GitHub - kpassadis/wind2power: Wind2Power is a small library built to estimate power production output of a Wind farm. The principal application of the library is to perform nowcasting. This is achieved by building an approximation to the wind farm power curve from historical information (wind speed and power output).

Wind2Power

Wind2Power is a small library built to estimate power production output of a Wind farm. The principal application of the library is to perform nowcasting. This is achieved by building an approximation to the wind farm power curve from historical information (wind speed and power output).

Features

1. Anomaly detection

It is not uncommon to encounter incomplete or erroneous observation in a historical dataset (of any kind). Thus, for instance one possible scenario is that the high power output is observed yet the corresponding wind speed is close to zero. Another use case might be having high wind associated with low power output possibly due to generator outage in a farm. The inclusion of these observations in the power curve estimation process might result in a distorted model. The tool provides a simple methodology to detect these cases and remove them from the dataset. Wind speeds are non-negative and their distribution is right-skewed. The Weibull distribution, although not the universal choice, is widely used to model wind speed. The Weibull distribution has two parameters, β, the shape parameter, that affects how skewed the distribution is and η, the scala parameter, that determines the concentration of the distribution. These parameters are unkown and they are determined by means of maximizing the likelihood. The log-likelihood is given by the expression:

$$ L(β,η | W) = ηlnβ - βlnη + (β-1) \sum_{i=1}^nlnW_i - \sum_{i=1}^n(\frac{W_i}{n})^β$$

where W is the wind speed.

The following snippet shows how to use the library to fit a Weibull distribution from Wind speed data:

val filename = "data.csv"
val readInputFileProgram = for {
    stream <- ZIO.succeed(WindPowerObservation.fromFileName(filename)) //input stream from a file
    data <- WindPowerObservation.readAllFromFile(stream, 0, 2, 3, 4, 5) //materialize stream
    windStream = ZStream.fromIterable(data) //create another stream
    sample <- Statistics.systematicSample(windStream, 60).take(5000).runCollect //take a systematic sample
    ws = sample.map(_.windSpeed) //keep only the wind speed
    weibull = new Weibull(2.0, 2.0).fit(ws.toVector) //fit a Weibull using Maximum Likelihood
} yield weibull

val dist = unsafeRun(readInputFileProgram)

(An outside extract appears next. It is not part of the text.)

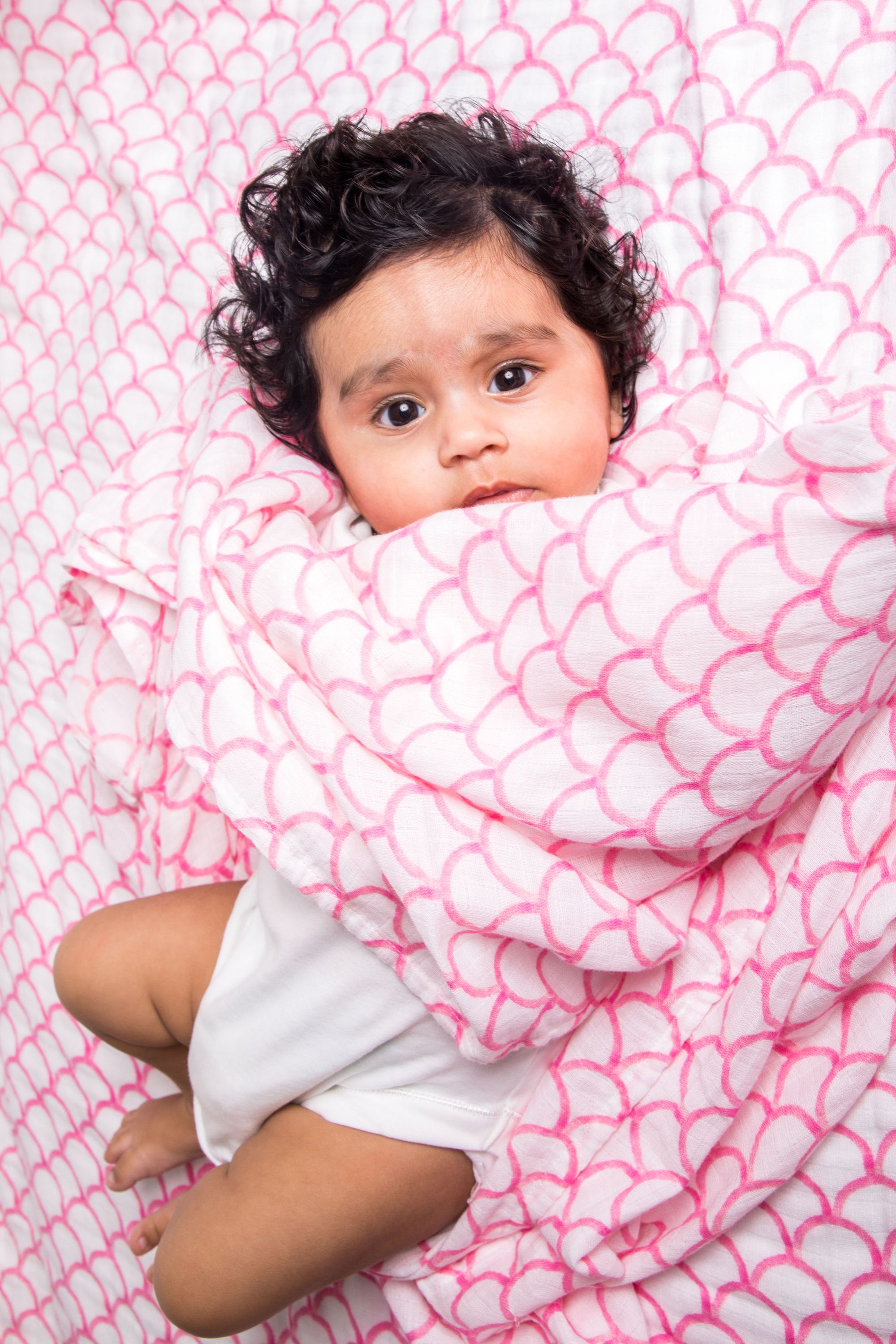 Organic Swaddle in Pink Rainbow, made from soft GOTS certified cotton, featuring a vibrant rainbow design.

A convenient property of a Weibull random variable is that it remains Weibull if raised but reparameterized with β/m and $η^m$. Power output of a wind turbine is generally well approximated by wind speed cubed (wind speed to the power of 3). Therefore, the (reparameterized) Weibull distribution can be used to model the wind farm power output. Given an observation (wind speed & output power) we can calculate a score given by the log of the ratio of the CDF of observing the particular wind speed and the CDF of the particular power output. This score can take both negative and positive values. Large positive values indicate strong winds but very low power output while negative score would indicate power output but wind speeds close to zero. The utility function sinkWithScores takes an input file and produces an output file that is identical to the input but contains scores calculated using the methodology described. Both input and output files should be comma separated and the indexes passed to the function represent the column indexes of the timestamp, wind direction, wind speed, power output and a flag that indicates whether the power output of the wind farm was curtailed or not (1 or 0).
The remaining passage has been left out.